Twenty-three years! Lea’s only way of communicating with others was through rage and anger. Any change in her environment — even the smallest — was met with hostility and violent outbursts.
She couldn’t tolerate any disruption of routine. She learned to speak, though with confusion. But she never got tired of listening to favorite songs or watching beloved movies. Reading and writing came slowly — but she mastered the computer with surprising ease.
Doctors spoke of sensory overload. She refused to attend school, but loved to travel and found joy in changing landscapes. She didn’t enjoy speaking, but delighted in all forms of visual communication. Not only did she not feel lonely — she actually enjoyed solitude.
Today, Lea Enev is a beautiful and radiant young woman. The family is long since separated; Doreen and Zlatko paid a high price for their long walk through the fire. And the illness itself — it became a path.

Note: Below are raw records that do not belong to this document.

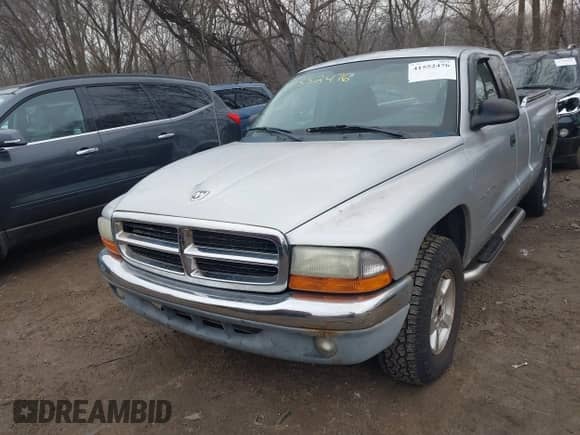 2002 Dodge Dakota SLT с VIN 1B7GL42N42S504550, выставлен на аукционе IAAI как лот 41552476 с пробегом 162 325 миль миль и . История ставок и продаж доступна на DreamBid. Изображение 6.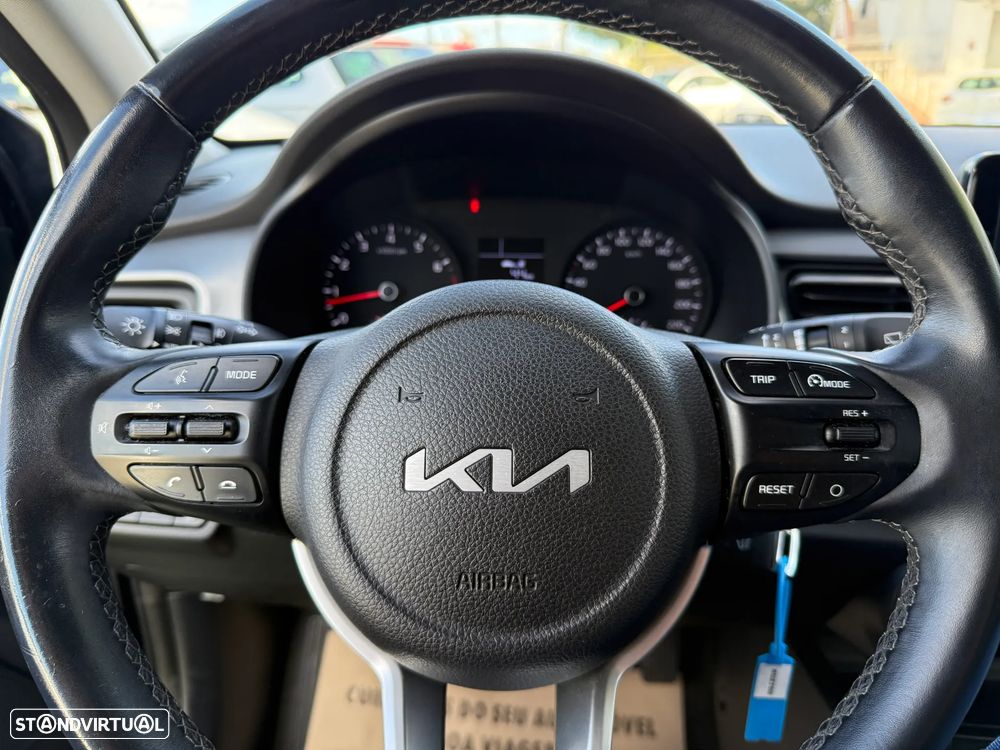 Kia Stonic 1.2 Urban - 31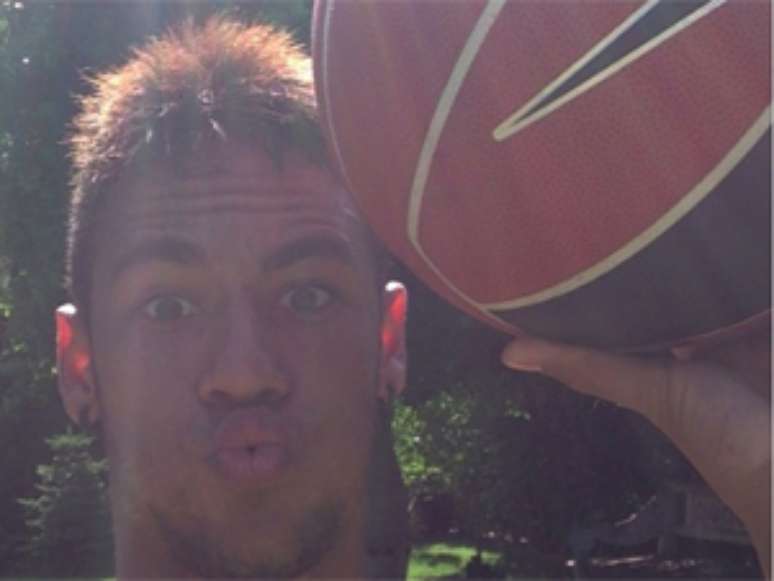 <p>Atacante Neymar postou ainda um vídeo em que faz uma cesta</p>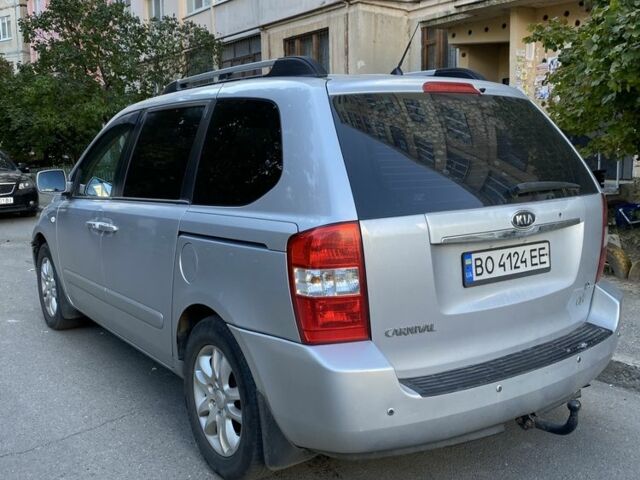 Сірий Кіа Карнівал, об'ємом двигуна 2.9 л та пробігом 310 тис. км за 5600 $, фото 2 на Automoto.ua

And strangely: instead of frightening or repelling the reader with its brutal realism, Zlatko Enev’s book becomes a survival manual. It’s a painful, yet healing affirmation that human strength is inexhaustible — that for every trial life throws at us, it also gives us the energy to endure and emerge stronger, with fewer fears.
A remarkable confessional book: true and unflinching in its honesty, uplifting to the broken spirit, bitter yet filled with faith in the human within the human.
I doubt I’ll reread it anytime soon — maybe not in the next two or three years. But I’ll always keep it near, like a vial of antidote against the increasingly inhuman world we live in.
A book about the divine strength with which each of us can rewrite the plans of Fate.